32歳の頃…
「都落ち」の後、しばらく郷里に身を寄せていたが偶然に現在の居住地(広島)に塾教師の職を見つけ移った。これと言って手に職があるわけではなく、「学歴」を利用して手っ取り早く稼げるからという安易な考えからだった。ぼく自身が経験し楽しくもなかった受験勉強を、子供たちに押しつけることには疑問を抱いていた。「教育産業の顧客は子供でなくその親」と割り切ろうとしたが、気持ちは悶々としていた。それでも、仕事が終わって飲む酒が唯一の「安らぎ」の場所だった。坂の上にあるアパートから自転車で通っていたが、自転車をこぎながら紙パック入りの焼酎をストローで飲むものだから、部屋につく頃には、すっかりできあがっていて、勢いついてまた自転車で坂を降り、市内の繁華街まで出かけていった。翌朝、気がつくと自転車がない、どこに乗り捨てたか覚えていない。混乱した記憶を便りに探し歩いて、コンビニの前で発見する… そんなこともよくあった。
 ひどい二日酔いの時は、酒の臭いを隠すため、口臭消去剤を飲み、できるだけ生徒の方を向かないようにしゃべった。黒板にチョークで書こうとすると、手が少し震えた。ひどいときは、プリントをさせてごまかした。後から聞いたところによると、「M先生はいつも酒臭かった」そうである。
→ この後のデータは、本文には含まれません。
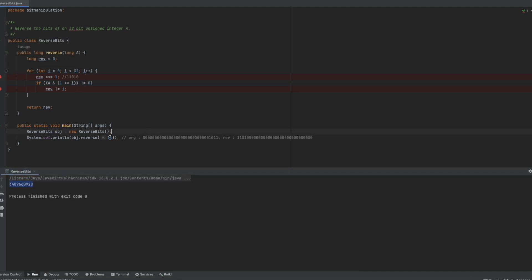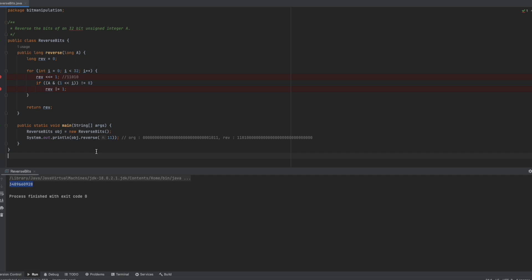If we reverse the bits of 11 in a 32-bit number, the output will be 3489660928. This demonstrates the working of the reverse bits method. I hope you enjoyed this and found it helpful. If you like such tutorials, please consider subscribing to my channel and sharing this video with as many people as possible. Thank you so much!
 やはり二日酔いの朝、まだ酒が残っていて酔っていた。午後から始まる仕事であるが、何を思ったか朝早く職場に行ってテストの採点をしていた。冷蔵庫を開けると、ビールが入っているのを見つけ飲んでしまった。しばらく飲みながら仕事していたが、体がだるいのと仕事が嫌になって帰ることにした。階段で、事務の女の子と出会った。「それじゃ」と言ってすれ違った。例によって、その日は仕事を休み、次の日も… いつものパターンである。しばらくして辞めてしまった。

わずかの蓄えも飲んで、すぐに無くなってしまった。
仕事に行かず、ひとりで部屋にいるととても不安になった。自責の念にも苛まれた。「どうしておれはこんな惨めな人生しか送れないんだろうか。」その日暮らしには慣れているとはいえ、もう疲れ切っていた。また、仕事探しても同じことになりそうだし、もう外に出るのも嫌になった。外に出ると自分の惨めな姿を誰かに見られているようで、白日の下に身をさらすのが怖かった。食事もとらず、暗い部屋で過ごした。酒も飲まなかった。飲む金もなかった。ああ、このまま消え入るように自分の存在を消せたら… 死ぬのはとても怖かったから、「死」とは別の方法で自分を消したかった。1週間くらいたった頃、どうにも空腹に耐えかねて夜の街に出た。所持金はなく、食事をすることもできないままうろうろしていたが、街角の小さな祠に備えてある小銭が目にとまった。手を合わせる振りをして、何100円かをポケットに入れた。それをもってコンビニに行き、食パンを買った。たしかにおいしかったが、それよりも、こんなことして生きている自分が本当に情けなかった。
 それからの記憶が切れている。どこかで酒にありついたらしい。気がついたら、翌日の夕方、自分の部屋の前で、なかから持ち出したふすまを壊して火をつけて燃やし、呆然と見ていた。しばらくして、アパートの大家さんから郷里に連絡が入り、母が駆けつけてきた。ぼくは、自分がどうなるか・何をしでかすか怖くなっていた。
「病院に入れてくれ」母に泣いて頼んだ。小学校に入学して以来、母には見せたことのなかった涙を流した。母も、慣れない土地の「医療事情」を知るわけもなく、電話帳で精神病院を探し、面会に行きやすいという交通事情から選び、ある病院に入院することになった。

[追記]
このとき入院したのは、アルコール専門ではなかったが、月一回、断酒会の人が来られていた。そこではじめて、「自助グループ」なるものを知った。